* _YOUR INSTRUCTIONS_
Each record must be written out again exactly. Skip any picture it contains.

(EXERCISE DATA Opens)

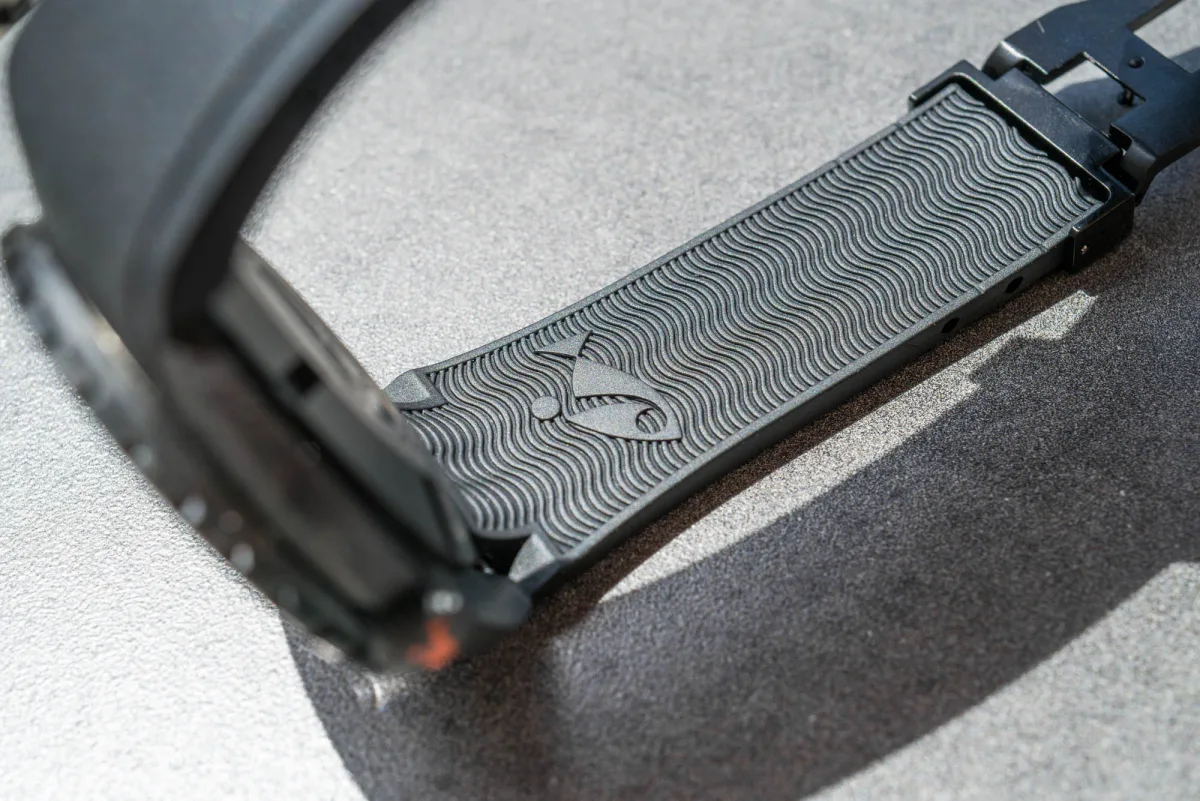 Doxa Sub 300 Carbon strap detail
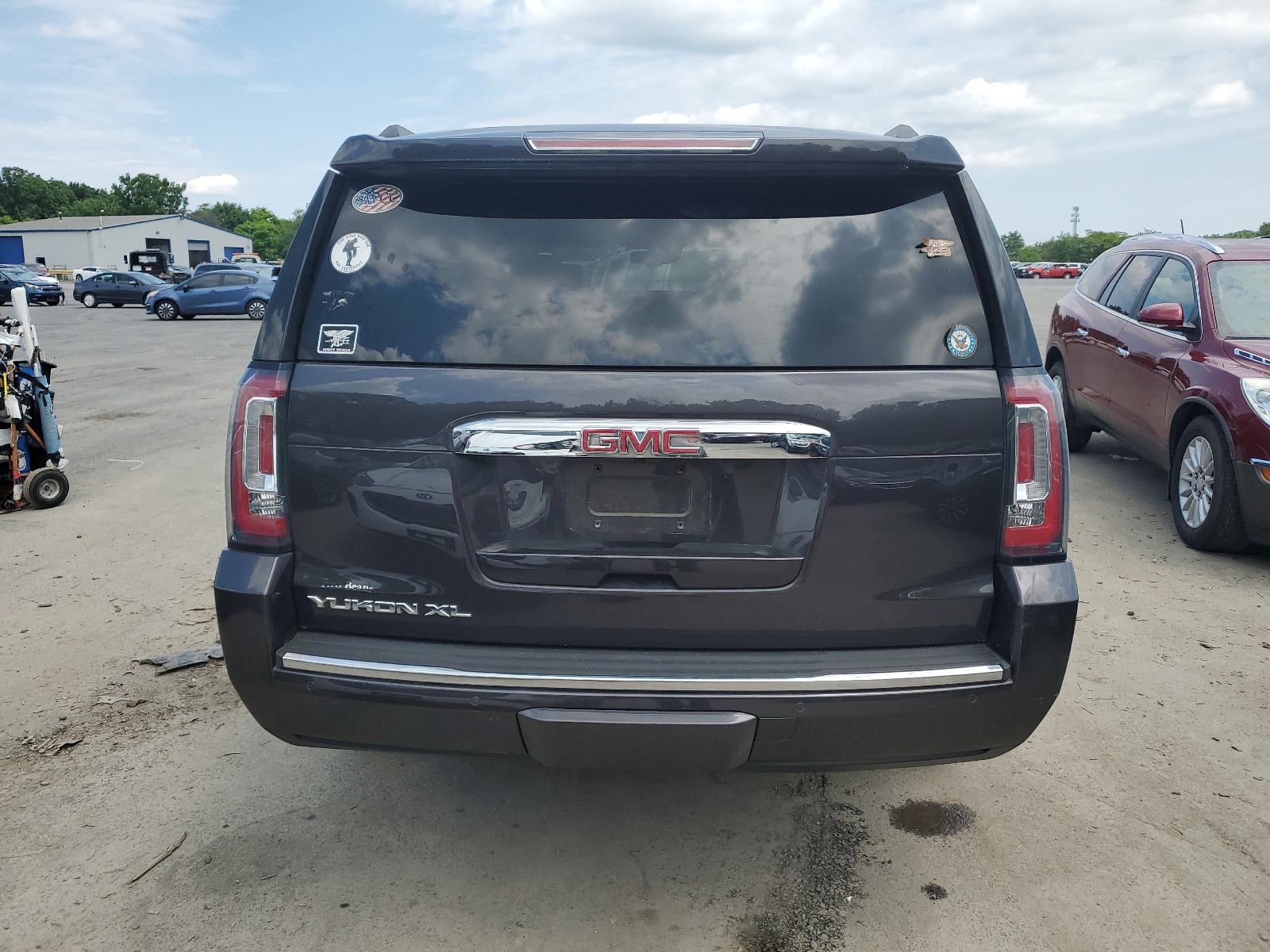 1GKS2HKJ2JR333034 2018 GMC Yukon Xl Denali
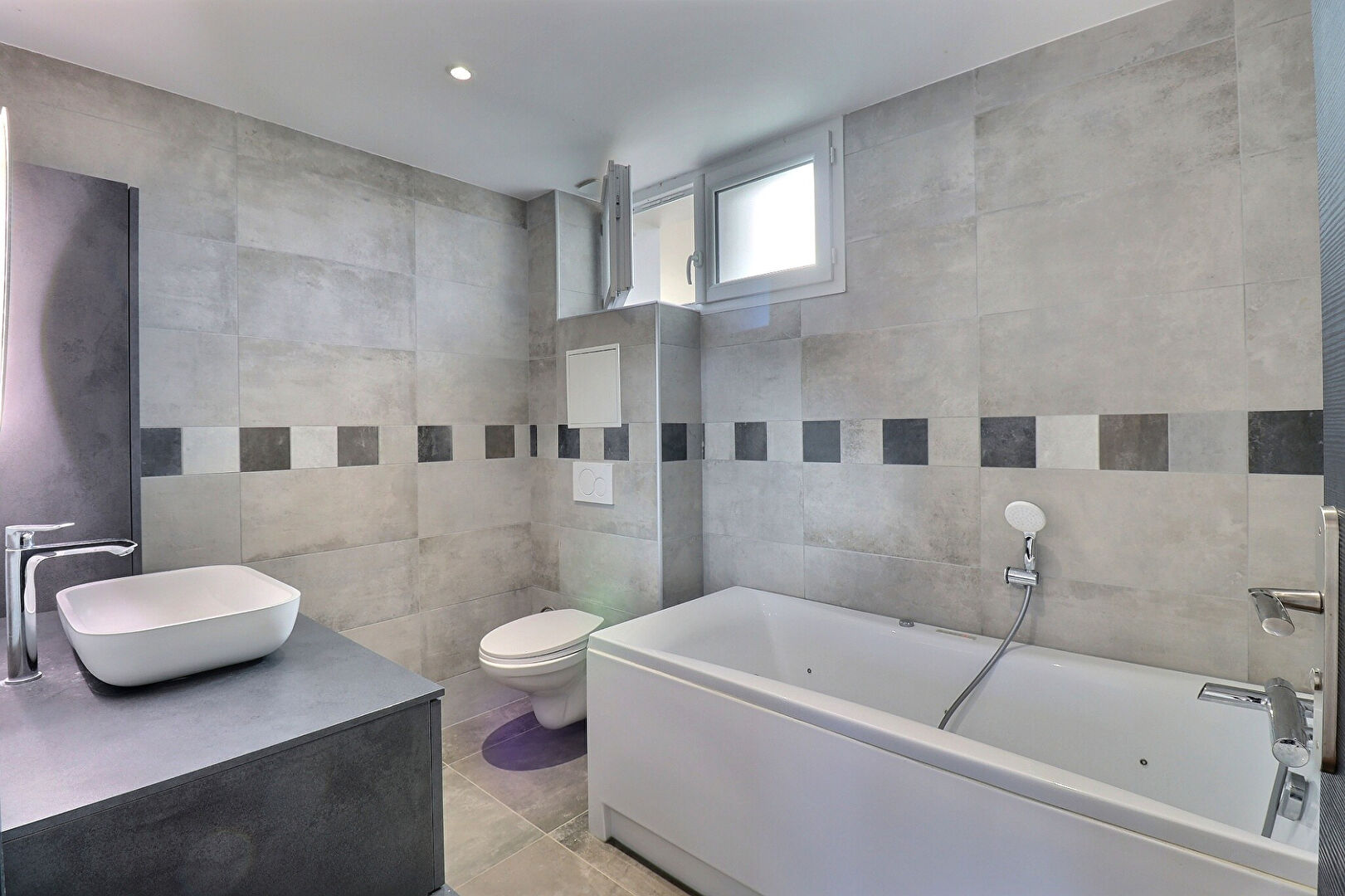 Maison 7 pièces de 153.45 m² à Chambery (73000) - référence 1040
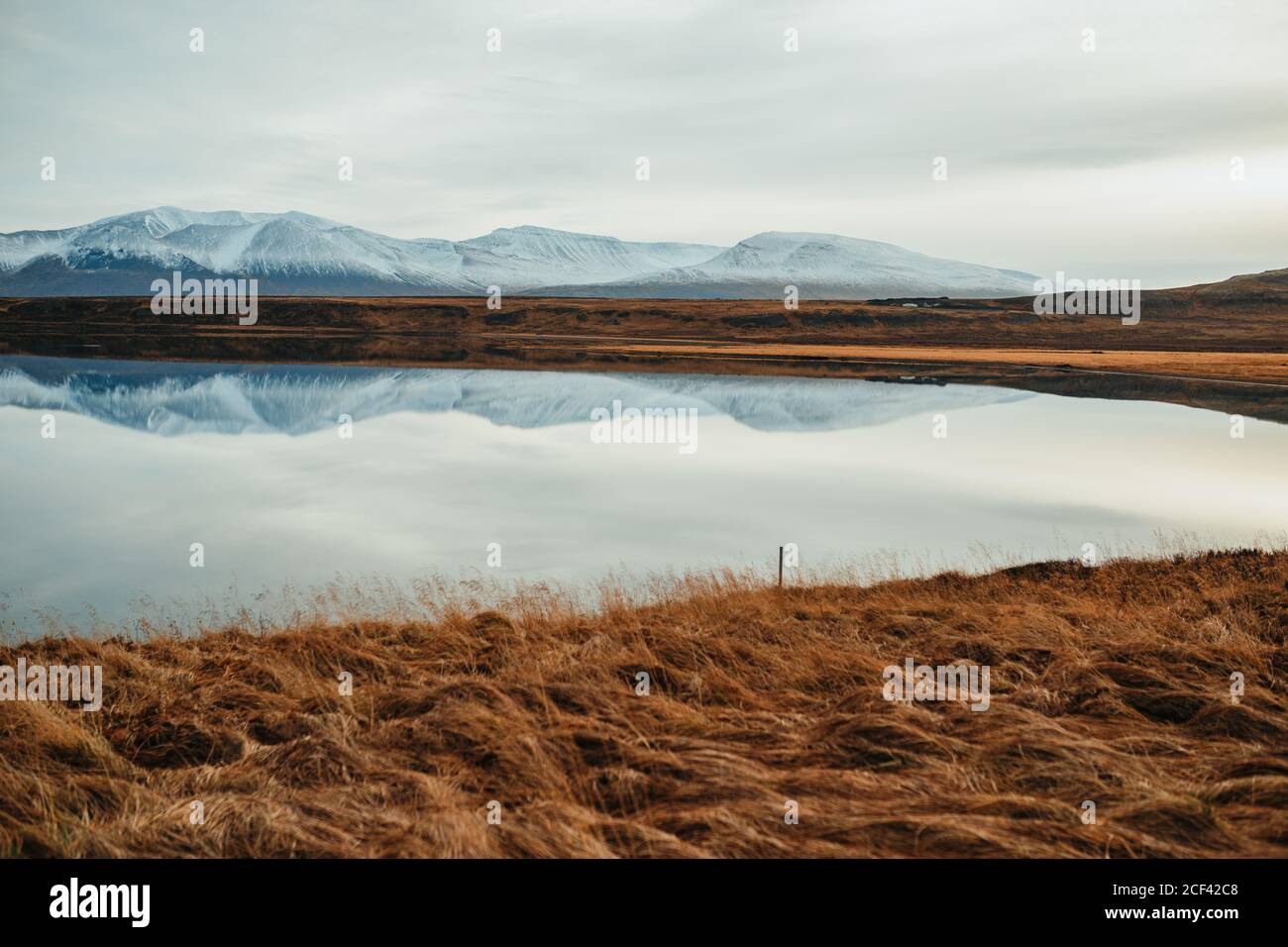 La sera Nuvoloso cielo sopra il lago calmo Foto Stock
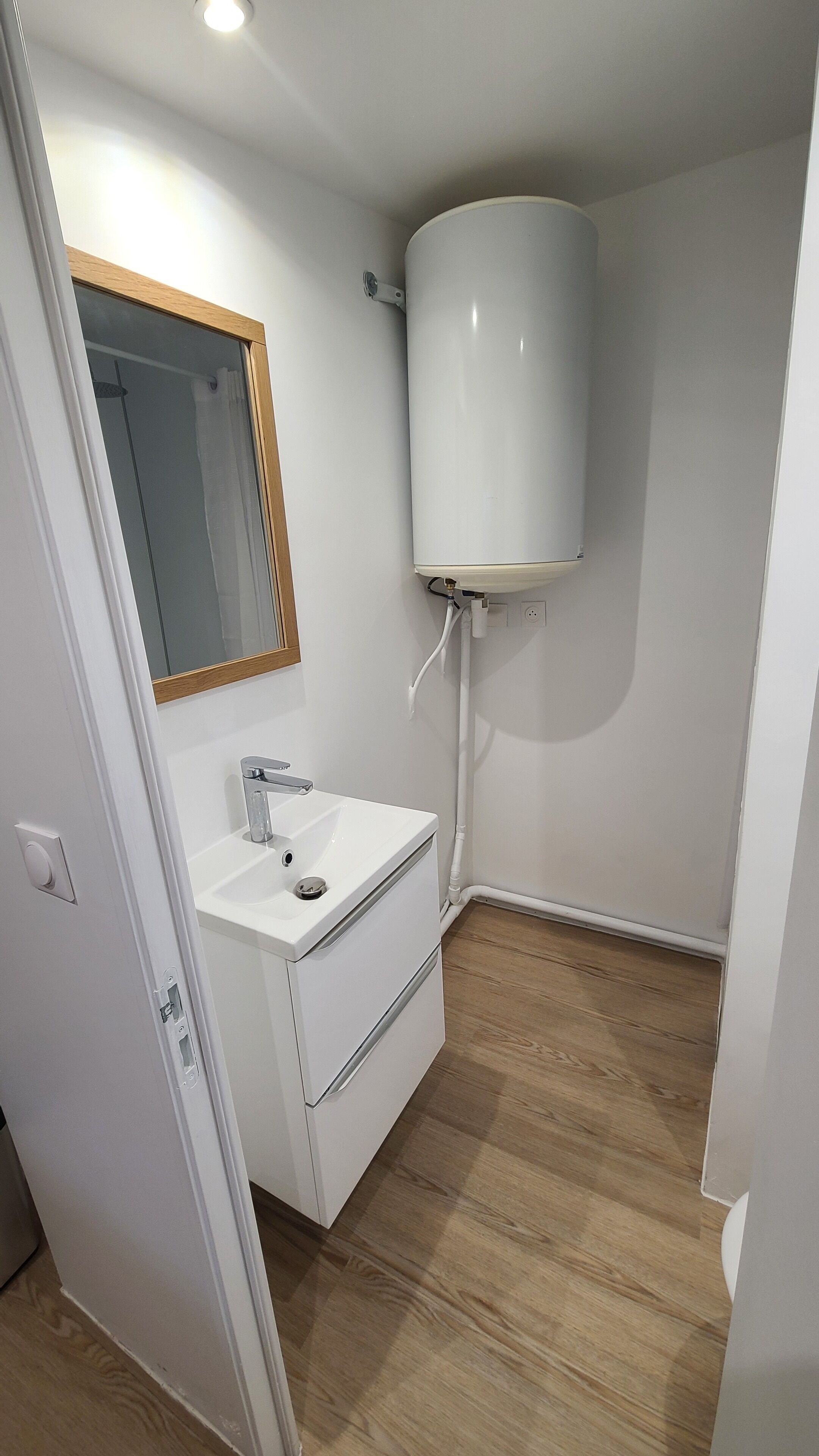 Hair dryer, towels, toilet paper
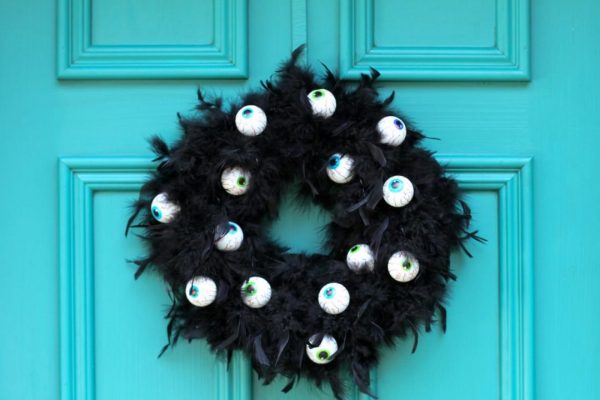 How To Make An Imposing Halloween Wreath?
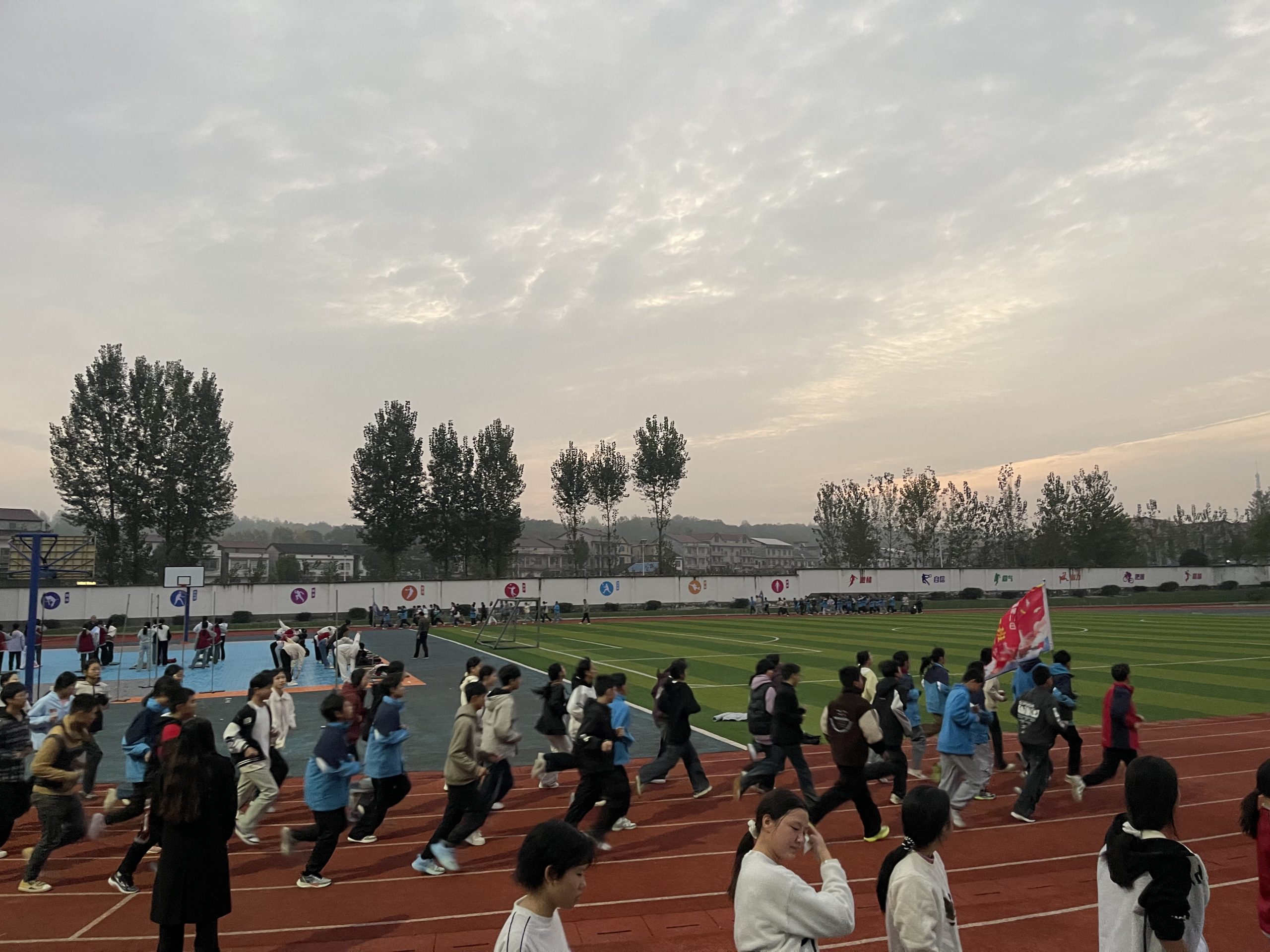 谷城县盛康二中学生“闻鸡起舞”备战体育中考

(EXERCISE DATA Closes)

* _RESPONSE BOX_
 Doxa Sub 300 Carbon strap detail
 1GKS2HKJ2JR333034 2018 GMC Yukon Xl Denali
 Maison 7 pièces de 153.45 m² à Chambery (73000) - référence 1040
 La sera Nuvoloso cielo sopra il lago calmo Foto Stock
 Hair dryer, towels, toilet paper
 How To Make An Imposing Halloween Wreath?
 谷城县盛康二中学生“闻鸡起舞”备战体育中考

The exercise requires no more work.